The two “managers” were managers in title only. They were really ranch hands … very well-paid ranch hands. With salary and bonus, each was paid $70,000/year before benefits. (What the bonus was for no one could remember. But the owner feared if she withheld the bonus the employees would see it as a pay cut.)

The owner came to the Ranching For Profit School in desperation and left with hope. That hope turned into frustration when the managers resisted the changes she wanted to make. Their resistance was predictable. They had a sweet deal and, based on the track record of threats with no consequences, it was natural for them to think that there’d be no follow through.

Not one to give up, the owner brought her two managers to the school and attended for a second time herself. I remember the managers because they sat through most of the week with their arms crossed. They seemed to see every new idea as a threat. They had no interest in learning stock flow planning or projecting enterprise gross margins.

The owner joined Executive Link (EL). After explaining the situation to her board, she was advised to fire her managers and hire a real manager. She was afraid to let her guys go, asking, “What if I can’t find anyone better?”

Her EL board pointed out that, if she eliminated the cost of her two employees and let someone graze the ranch for free, she’d lose less money than she was currently losing. With this as the worst-case scenario, she fired her guys. Within a couple of months, she hired a young man who didn’t have much in the way of managerial credentials but had outstanding character references and a reputation as a go-getter.

She and her new manager attended the next RFP school and they crafted a plan to turn things around. As the manager put it, “We made million-dollar changes.” Within two years they’d turned the >$200,000 economic loss into a >$200,000 economic profit!

Here’s the rest of the story:

As soon as the ranch started to make money other family members wanted their share. Owners started to fight and threaten one another. A few years later, still unable to agree, they sold the ranch.

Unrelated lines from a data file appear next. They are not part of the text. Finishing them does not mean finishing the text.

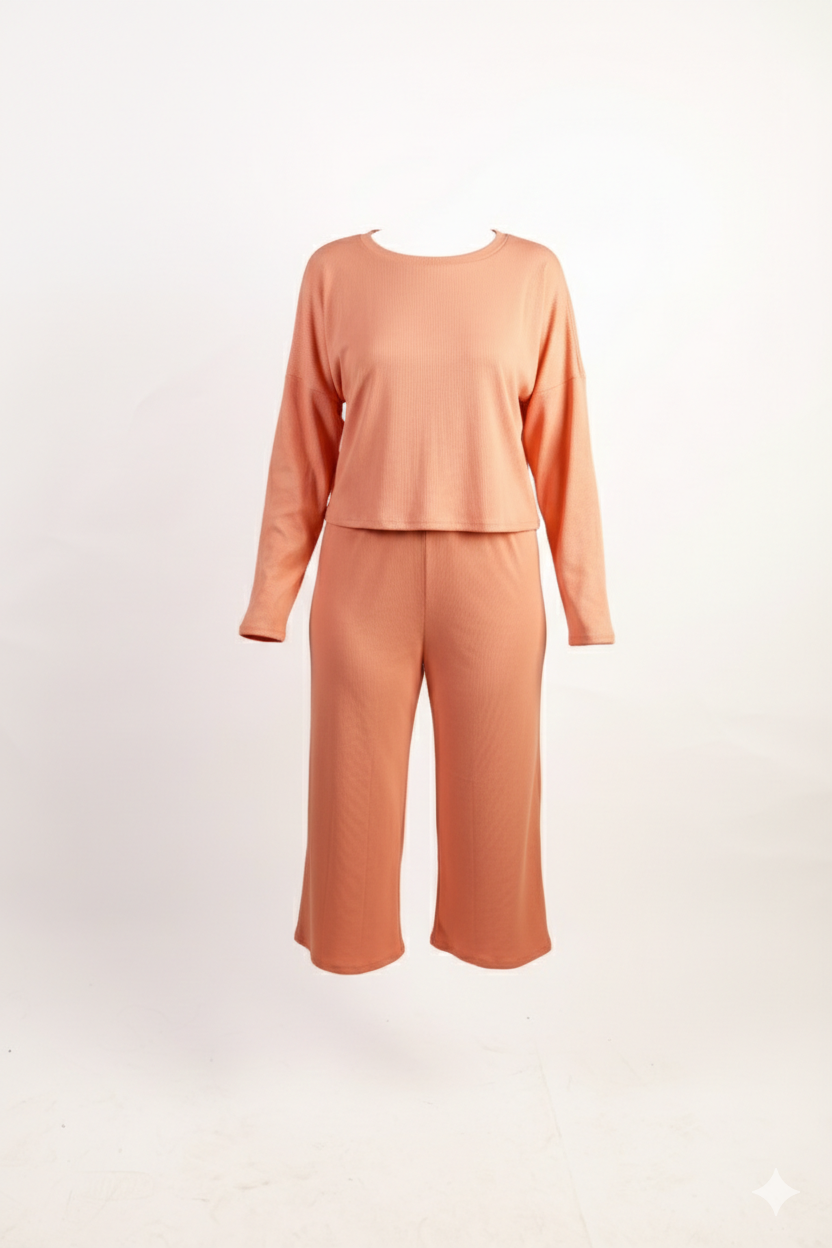 Ribbed Knit Oversized Tee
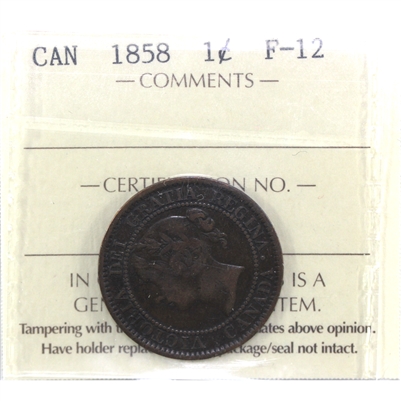 1858 Canada 1-cent ICCS Certified F-12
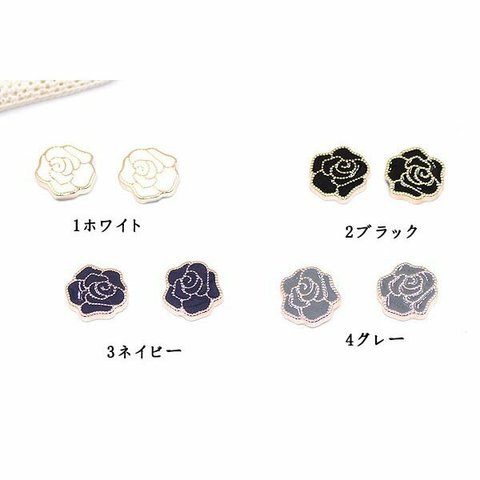 A1854_4   60個  デコパーツ 薔薇 12×12mm アクリル エポ付  3X【20ヶ】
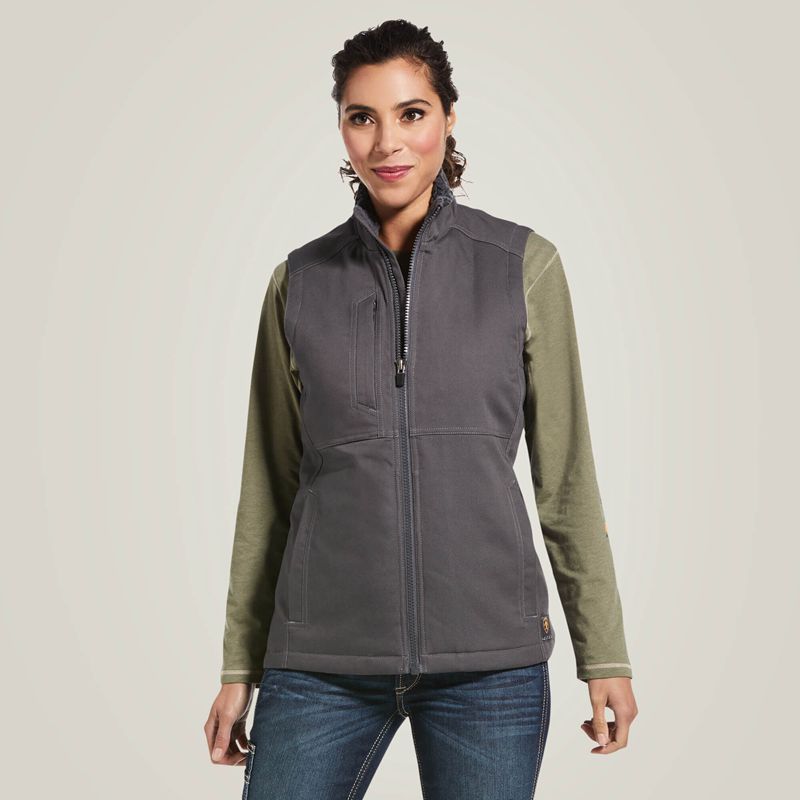 Ariat Rebar Duracanvas Insulated Vest Grise Femme | HMS-69272152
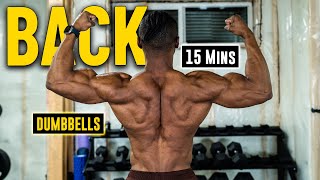 15 Minute Dumbbell Back Workout No Bench  Build amp Burn 11 [upl. by Annayt834]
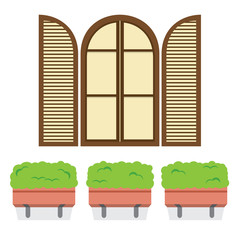 Open Vintage Arc Window With Pot Plants Below Vector Illustration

As you might guess, the manager had no trouble landing a position on another ranch. He helped turn it from a money pit into a profitable business too. He started there with a salary of about $90,000 (before benefits). He called me about a year ago because he was about to renegotiate his contract. He wanted to know what other competent managers in his area were getting paid. That was a hard question to answer because there aren’t very many competent ranch managers from which we can draw meaningful comparisons. Most of the people we call ranch managers don’t manage. They don’t budget. They don’t plan. They don’t empower employees or know how to hold them accountable. In short, they don’t do managerial work, they don’t produce managerial results and they aren’t paid managerial wages.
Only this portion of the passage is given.